The oak trees in our yard are quickly shedding their leaves to prepare for the coming winter. In contrast, Pilot, my normally petite cat is just a bit bigger as he’s now holding on to his fur (and hopefully appears more formidable in the eyes of the field mice). The resident Great Horned owls are making their presence known to each other with their mating calls, their hoo-hoo-hoo from late evening to early morning one of the most welcome, beautiful sounds I’ve ever heard. When I step out at night the air is crisp and chilly, delivering a bite to my cheeks that grows just a bit sharper each day. I am responding to nature’s changing mood, as well. I’m hungry for more substance on my plate. No longer is a simple salad sufficient for a meal; now it is desirable only as a prelude to a heartier, more robust main course.

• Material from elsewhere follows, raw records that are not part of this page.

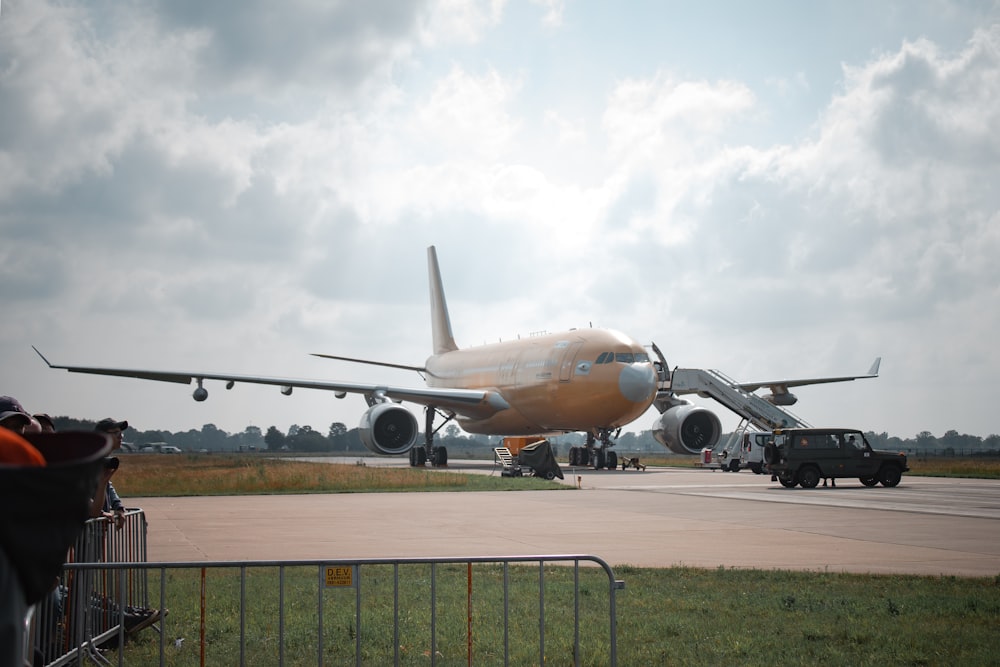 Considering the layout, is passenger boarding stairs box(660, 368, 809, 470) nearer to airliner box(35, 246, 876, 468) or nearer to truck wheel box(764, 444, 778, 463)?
airliner box(35, 246, 876, 468)

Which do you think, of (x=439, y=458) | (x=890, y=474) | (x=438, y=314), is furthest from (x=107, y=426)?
(x=438, y=314)

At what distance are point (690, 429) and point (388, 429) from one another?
36.2 ft

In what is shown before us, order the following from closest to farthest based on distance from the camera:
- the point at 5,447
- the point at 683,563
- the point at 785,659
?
the point at 5,447, the point at 785,659, the point at 683,563

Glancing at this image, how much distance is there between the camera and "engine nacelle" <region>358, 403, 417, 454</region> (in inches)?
1305

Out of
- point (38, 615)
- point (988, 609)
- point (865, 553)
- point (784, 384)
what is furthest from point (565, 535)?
point (784, 384)

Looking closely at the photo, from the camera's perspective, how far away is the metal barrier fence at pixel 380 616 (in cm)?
578

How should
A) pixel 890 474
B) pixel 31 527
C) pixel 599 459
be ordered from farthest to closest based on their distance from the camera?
pixel 599 459, pixel 890 474, pixel 31 527

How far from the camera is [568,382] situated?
1303 inches

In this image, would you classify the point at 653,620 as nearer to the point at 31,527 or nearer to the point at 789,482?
the point at 31,527

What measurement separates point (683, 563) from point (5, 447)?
30.4 feet

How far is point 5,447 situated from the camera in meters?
2.14

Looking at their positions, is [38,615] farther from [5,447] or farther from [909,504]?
[909,504]

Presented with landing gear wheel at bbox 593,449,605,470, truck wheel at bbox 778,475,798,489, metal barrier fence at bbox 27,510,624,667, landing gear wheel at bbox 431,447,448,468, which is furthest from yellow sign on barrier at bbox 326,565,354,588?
landing gear wheel at bbox 431,447,448,468

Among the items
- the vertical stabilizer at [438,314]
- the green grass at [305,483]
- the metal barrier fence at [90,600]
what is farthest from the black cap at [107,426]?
the vertical stabilizer at [438,314] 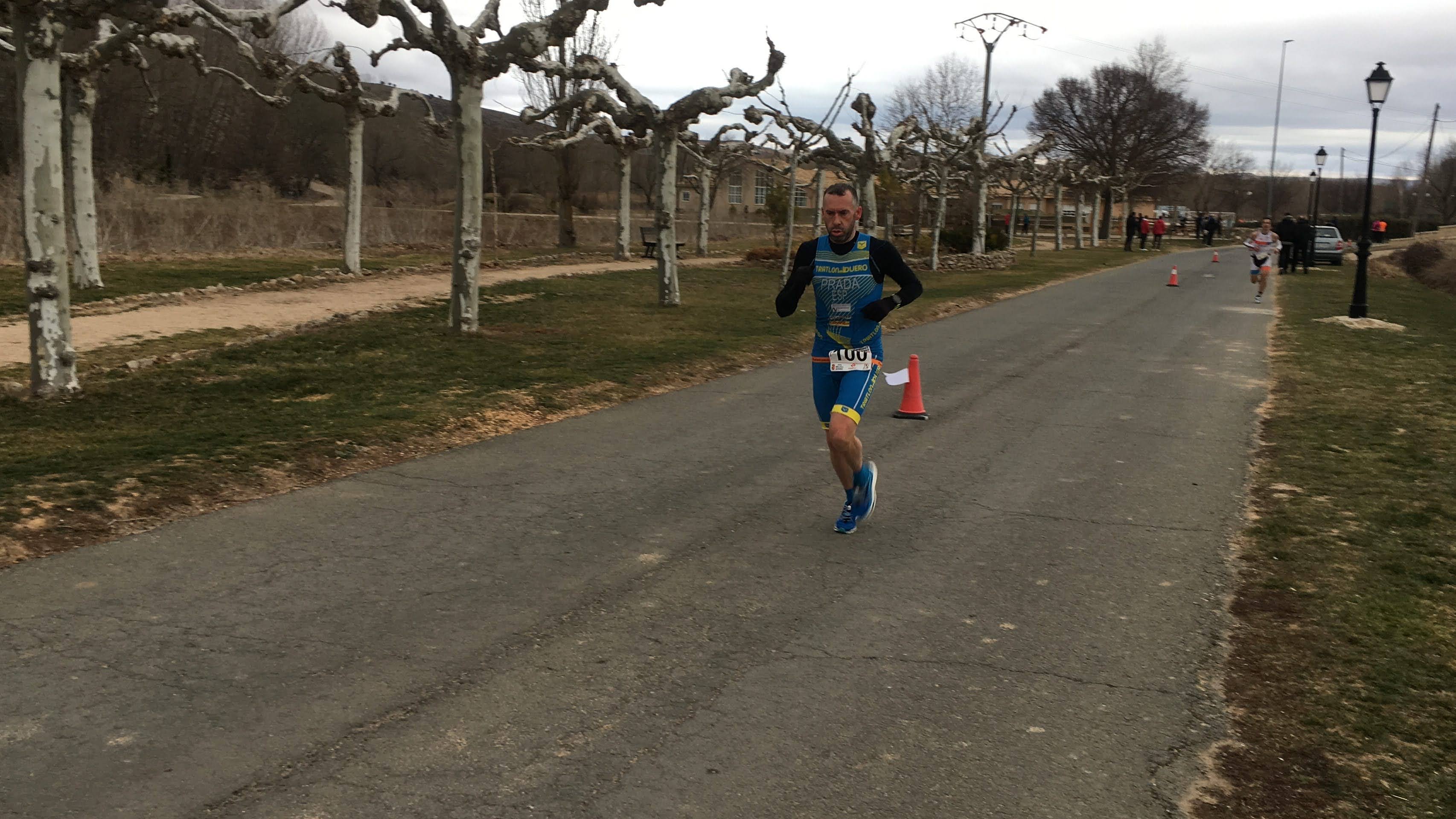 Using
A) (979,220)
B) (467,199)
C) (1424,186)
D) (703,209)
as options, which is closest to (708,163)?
(703,209)

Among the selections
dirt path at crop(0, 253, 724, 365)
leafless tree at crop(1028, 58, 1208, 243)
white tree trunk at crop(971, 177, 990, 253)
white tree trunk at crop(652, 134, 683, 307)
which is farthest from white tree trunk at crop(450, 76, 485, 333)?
leafless tree at crop(1028, 58, 1208, 243)

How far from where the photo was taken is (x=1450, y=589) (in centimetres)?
576

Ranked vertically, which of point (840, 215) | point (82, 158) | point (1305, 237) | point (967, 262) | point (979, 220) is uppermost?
point (979, 220)

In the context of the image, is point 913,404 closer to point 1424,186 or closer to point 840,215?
point 840,215

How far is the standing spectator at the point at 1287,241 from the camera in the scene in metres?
35.9

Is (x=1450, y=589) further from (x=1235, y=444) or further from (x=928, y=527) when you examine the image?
(x=1235, y=444)

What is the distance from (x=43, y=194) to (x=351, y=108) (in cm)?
1335

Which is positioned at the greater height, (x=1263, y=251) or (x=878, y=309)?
(x=1263, y=251)

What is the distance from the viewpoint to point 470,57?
14.0 metres

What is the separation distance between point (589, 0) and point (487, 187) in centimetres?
5586

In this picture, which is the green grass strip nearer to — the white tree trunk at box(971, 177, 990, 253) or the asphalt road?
the asphalt road

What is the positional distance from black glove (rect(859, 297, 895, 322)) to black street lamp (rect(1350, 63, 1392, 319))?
1721 cm

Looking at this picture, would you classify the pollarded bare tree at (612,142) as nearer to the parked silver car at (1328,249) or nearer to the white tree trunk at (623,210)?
the white tree trunk at (623,210)

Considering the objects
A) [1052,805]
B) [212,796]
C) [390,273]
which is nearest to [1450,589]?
[1052,805] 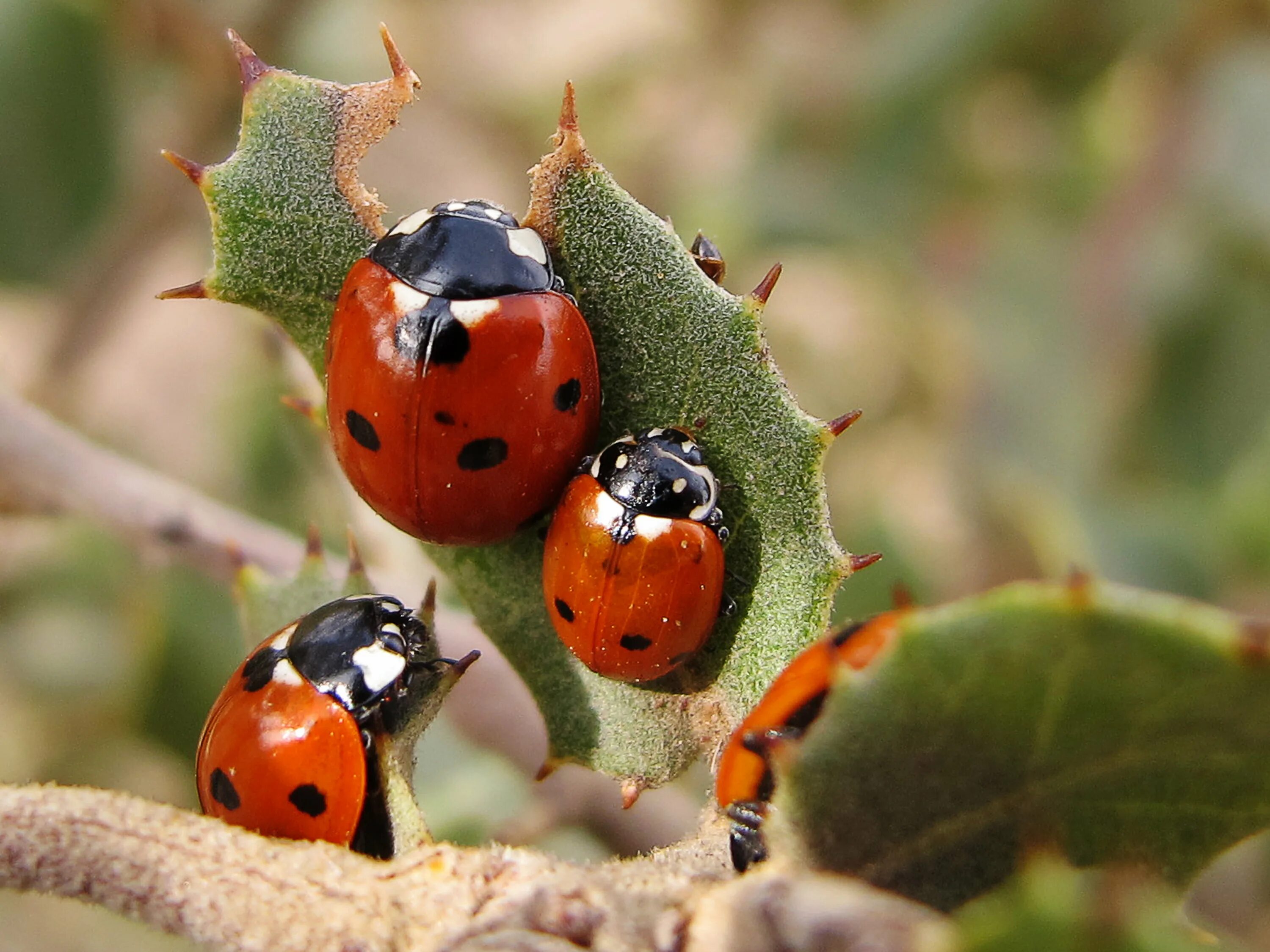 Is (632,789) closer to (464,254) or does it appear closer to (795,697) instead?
(795,697)

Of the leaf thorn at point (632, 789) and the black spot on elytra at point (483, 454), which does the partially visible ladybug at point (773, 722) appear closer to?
the leaf thorn at point (632, 789)

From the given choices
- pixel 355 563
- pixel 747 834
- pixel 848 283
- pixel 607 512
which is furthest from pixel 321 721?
pixel 848 283

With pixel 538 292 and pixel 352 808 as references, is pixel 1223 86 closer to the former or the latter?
pixel 538 292

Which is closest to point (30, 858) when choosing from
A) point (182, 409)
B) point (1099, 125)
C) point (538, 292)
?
point (538, 292)

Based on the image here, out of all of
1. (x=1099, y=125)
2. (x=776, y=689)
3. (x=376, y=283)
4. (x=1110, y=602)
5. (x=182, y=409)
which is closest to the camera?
(x=1110, y=602)

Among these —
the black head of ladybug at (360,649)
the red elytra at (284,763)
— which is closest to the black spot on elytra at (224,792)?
the red elytra at (284,763)

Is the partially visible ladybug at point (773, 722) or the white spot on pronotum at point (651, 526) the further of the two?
the white spot on pronotum at point (651, 526) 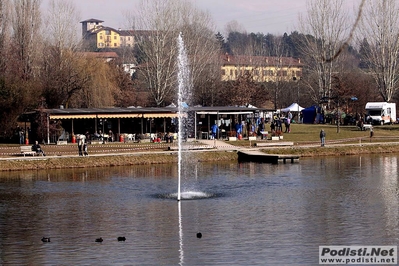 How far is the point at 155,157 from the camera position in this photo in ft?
184

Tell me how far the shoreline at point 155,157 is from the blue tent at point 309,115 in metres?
26.7

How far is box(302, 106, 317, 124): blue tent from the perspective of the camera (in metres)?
90.9

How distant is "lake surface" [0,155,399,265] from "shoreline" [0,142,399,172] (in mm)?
2638

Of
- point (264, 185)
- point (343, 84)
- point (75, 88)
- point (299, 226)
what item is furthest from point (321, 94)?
point (299, 226)

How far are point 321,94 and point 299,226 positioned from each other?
67.6 meters

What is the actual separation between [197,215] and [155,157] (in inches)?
964

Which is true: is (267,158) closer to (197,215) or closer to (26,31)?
(197,215)

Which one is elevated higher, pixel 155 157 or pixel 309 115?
pixel 309 115

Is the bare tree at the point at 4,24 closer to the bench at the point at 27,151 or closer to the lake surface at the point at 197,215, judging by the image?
the bench at the point at 27,151

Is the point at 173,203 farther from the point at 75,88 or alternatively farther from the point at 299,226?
the point at 75,88

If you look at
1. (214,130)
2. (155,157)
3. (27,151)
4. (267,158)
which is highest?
(214,130)

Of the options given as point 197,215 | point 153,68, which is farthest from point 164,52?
point 197,215

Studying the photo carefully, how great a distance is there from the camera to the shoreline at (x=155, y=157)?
5228cm

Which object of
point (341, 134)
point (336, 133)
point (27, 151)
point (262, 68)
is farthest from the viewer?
point (262, 68) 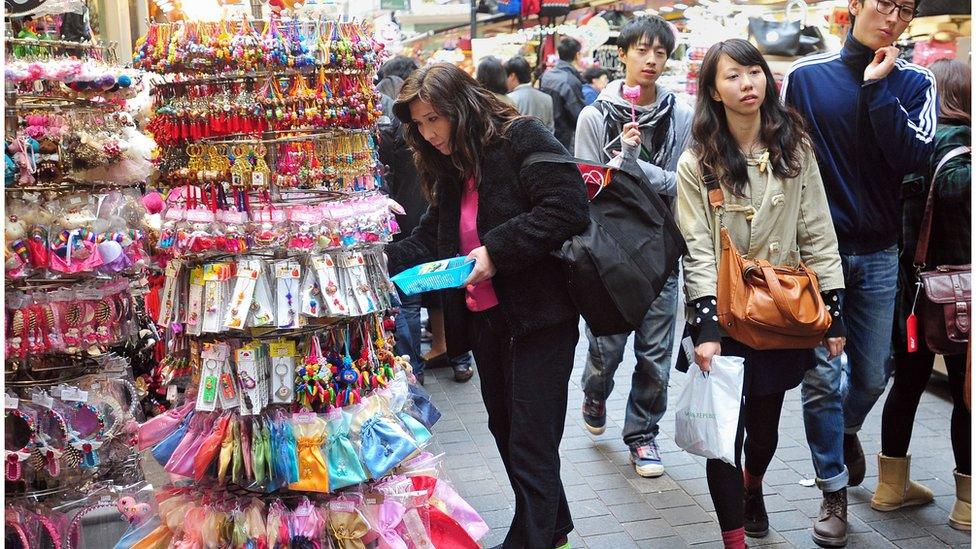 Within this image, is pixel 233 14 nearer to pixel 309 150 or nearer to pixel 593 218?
pixel 309 150

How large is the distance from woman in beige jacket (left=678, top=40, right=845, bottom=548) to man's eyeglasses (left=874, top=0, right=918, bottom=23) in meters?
0.58

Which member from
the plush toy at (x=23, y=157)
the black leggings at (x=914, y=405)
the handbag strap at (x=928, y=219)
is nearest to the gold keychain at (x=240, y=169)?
the plush toy at (x=23, y=157)

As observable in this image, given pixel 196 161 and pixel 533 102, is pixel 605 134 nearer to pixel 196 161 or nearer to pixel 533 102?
Result: pixel 196 161

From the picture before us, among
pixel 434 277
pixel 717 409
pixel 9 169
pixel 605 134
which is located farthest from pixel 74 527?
pixel 605 134

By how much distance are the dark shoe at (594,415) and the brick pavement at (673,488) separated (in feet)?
0.28

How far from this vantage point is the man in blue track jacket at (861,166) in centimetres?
382

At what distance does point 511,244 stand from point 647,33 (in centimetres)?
186

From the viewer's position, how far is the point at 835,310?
3.70 m

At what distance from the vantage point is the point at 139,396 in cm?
386

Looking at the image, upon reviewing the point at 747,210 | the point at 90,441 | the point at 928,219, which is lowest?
the point at 90,441

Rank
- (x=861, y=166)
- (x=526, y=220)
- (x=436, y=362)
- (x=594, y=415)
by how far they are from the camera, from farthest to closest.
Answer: (x=436, y=362)
(x=594, y=415)
(x=861, y=166)
(x=526, y=220)

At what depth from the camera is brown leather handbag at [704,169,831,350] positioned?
3.44 meters

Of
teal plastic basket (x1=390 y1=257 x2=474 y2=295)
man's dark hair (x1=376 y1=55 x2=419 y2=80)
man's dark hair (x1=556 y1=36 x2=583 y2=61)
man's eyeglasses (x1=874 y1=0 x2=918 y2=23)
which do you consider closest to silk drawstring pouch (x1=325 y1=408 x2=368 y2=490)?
teal plastic basket (x1=390 y1=257 x2=474 y2=295)

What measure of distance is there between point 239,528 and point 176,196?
1063 millimetres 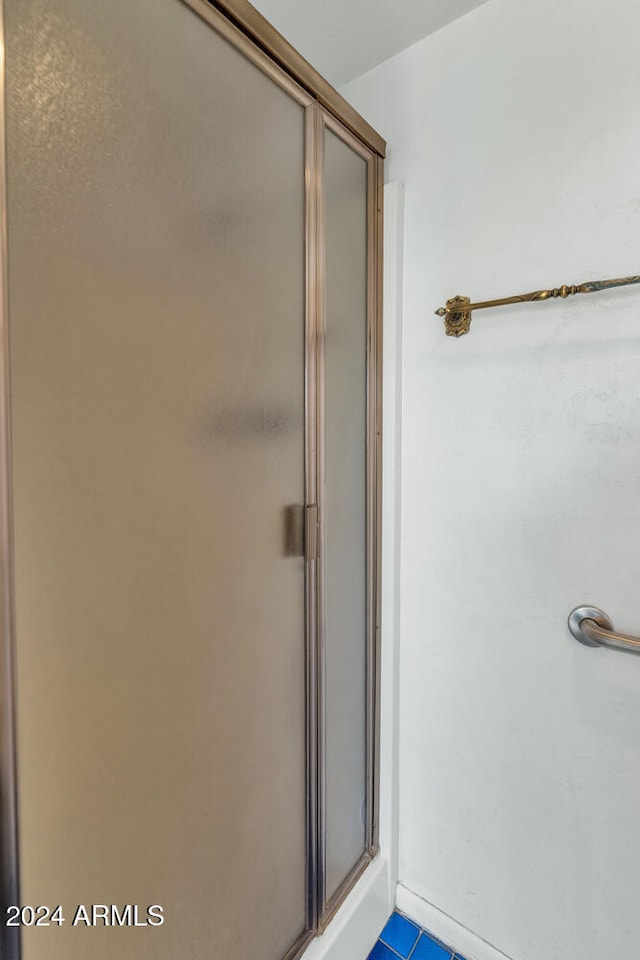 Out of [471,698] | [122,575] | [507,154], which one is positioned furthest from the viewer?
[471,698]

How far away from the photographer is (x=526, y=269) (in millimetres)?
982

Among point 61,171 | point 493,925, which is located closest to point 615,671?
point 493,925

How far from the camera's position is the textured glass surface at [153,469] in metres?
0.52

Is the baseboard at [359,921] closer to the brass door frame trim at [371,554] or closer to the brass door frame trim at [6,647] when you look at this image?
the brass door frame trim at [371,554]

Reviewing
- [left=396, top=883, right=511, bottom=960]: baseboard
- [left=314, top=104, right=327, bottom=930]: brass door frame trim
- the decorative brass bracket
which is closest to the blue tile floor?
[left=396, top=883, right=511, bottom=960]: baseboard

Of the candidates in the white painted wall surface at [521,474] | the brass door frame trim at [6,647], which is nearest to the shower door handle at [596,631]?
the white painted wall surface at [521,474]

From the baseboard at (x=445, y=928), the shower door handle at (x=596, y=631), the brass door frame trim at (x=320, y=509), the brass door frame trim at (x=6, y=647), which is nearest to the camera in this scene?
the brass door frame trim at (x=6, y=647)

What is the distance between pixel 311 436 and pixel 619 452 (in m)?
0.60

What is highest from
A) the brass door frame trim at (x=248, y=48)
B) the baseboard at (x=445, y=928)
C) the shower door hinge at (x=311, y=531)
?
the brass door frame trim at (x=248, y=48)

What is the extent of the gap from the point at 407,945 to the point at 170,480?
1323mm

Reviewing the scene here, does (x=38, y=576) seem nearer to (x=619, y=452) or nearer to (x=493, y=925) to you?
(x=619, y=452)

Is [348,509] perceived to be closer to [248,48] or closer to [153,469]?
[153,469]

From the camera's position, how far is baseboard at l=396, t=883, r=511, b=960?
42.7 inches

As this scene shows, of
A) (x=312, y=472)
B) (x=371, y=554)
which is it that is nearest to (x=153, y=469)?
(x=312, y=472) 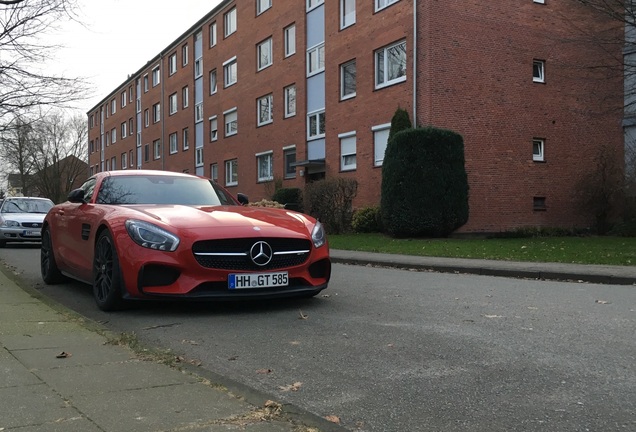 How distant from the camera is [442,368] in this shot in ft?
12.6

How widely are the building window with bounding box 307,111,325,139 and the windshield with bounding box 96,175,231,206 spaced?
18.7 m

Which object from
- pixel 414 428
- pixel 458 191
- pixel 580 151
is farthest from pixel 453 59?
pixel 414 428

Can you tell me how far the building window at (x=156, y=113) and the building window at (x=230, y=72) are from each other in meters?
13.6

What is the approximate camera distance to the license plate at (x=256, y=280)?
5.44 m

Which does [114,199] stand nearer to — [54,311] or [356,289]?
[54,311]

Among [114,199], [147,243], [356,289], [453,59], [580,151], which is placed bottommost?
[356,289]

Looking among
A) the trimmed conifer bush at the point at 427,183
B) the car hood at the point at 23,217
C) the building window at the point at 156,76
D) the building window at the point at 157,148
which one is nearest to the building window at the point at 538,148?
the trimmed conifer bush at the point at 427,183

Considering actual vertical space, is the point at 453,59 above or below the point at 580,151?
above

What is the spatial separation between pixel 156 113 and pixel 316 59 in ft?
84.0

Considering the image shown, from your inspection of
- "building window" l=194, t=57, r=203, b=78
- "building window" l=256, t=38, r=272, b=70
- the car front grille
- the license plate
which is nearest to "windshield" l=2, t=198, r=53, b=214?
the car front grille

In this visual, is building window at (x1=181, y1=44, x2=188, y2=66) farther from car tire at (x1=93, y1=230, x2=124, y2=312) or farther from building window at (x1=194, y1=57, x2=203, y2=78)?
car tire at (x1=93, y1=230, x2=124, y2=312)

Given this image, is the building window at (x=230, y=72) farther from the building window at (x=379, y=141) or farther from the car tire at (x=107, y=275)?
the car tire at (x=107, y=275)

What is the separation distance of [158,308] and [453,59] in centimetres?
1661

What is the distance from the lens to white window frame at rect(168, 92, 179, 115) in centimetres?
4369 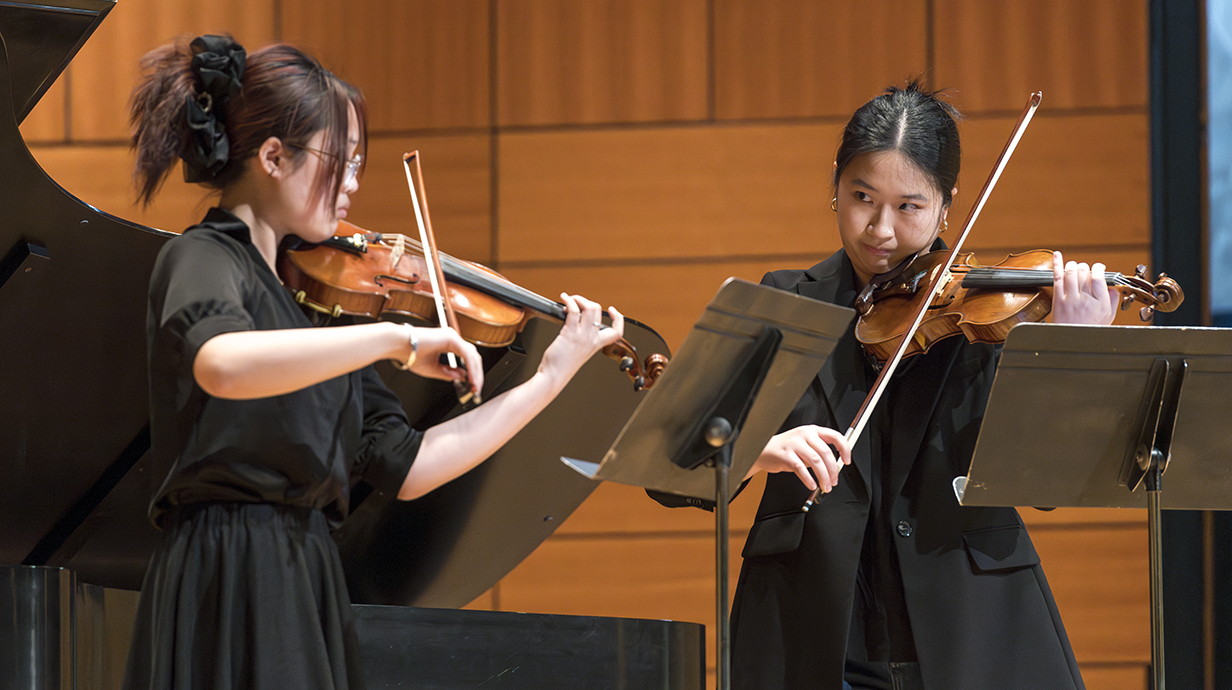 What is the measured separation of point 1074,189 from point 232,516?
2.95 m

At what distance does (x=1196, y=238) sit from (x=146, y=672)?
318cm

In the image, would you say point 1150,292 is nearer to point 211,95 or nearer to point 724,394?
point 724,394

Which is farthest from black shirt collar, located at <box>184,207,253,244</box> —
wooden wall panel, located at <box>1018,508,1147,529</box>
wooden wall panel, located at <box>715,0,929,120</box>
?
wooden wall panel, located at <box>1018,508,1147,529</box>

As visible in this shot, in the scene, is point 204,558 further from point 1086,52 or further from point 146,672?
point 1086,52

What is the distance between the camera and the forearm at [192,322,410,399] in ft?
3.65

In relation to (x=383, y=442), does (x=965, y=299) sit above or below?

If you look at my category cloud on my sidebar you might notice that beef and pork are quite underrepresented though I enjoy both very much. I shared these Pork Ribs with Orange Glaze last year, the citrus and herbs winning my heart for the twist on the classic, sweeter preparation. In the Languedoc region of southwest France spareribs are prepared in the oven, roasted until the meat is very tender. Traditionally, a special implement called a flambadou, a perforated wrought iron cup (that was secured to a rod) was used as a basting instrument. It was heated until red-hot and a piece of country ham fat was placed inside. As the fat melted it would drip onto the ribs, imparting a charred, ham flavor to the meat. Then an herb-infused oil would be brushed on the ribs as a finishing touch.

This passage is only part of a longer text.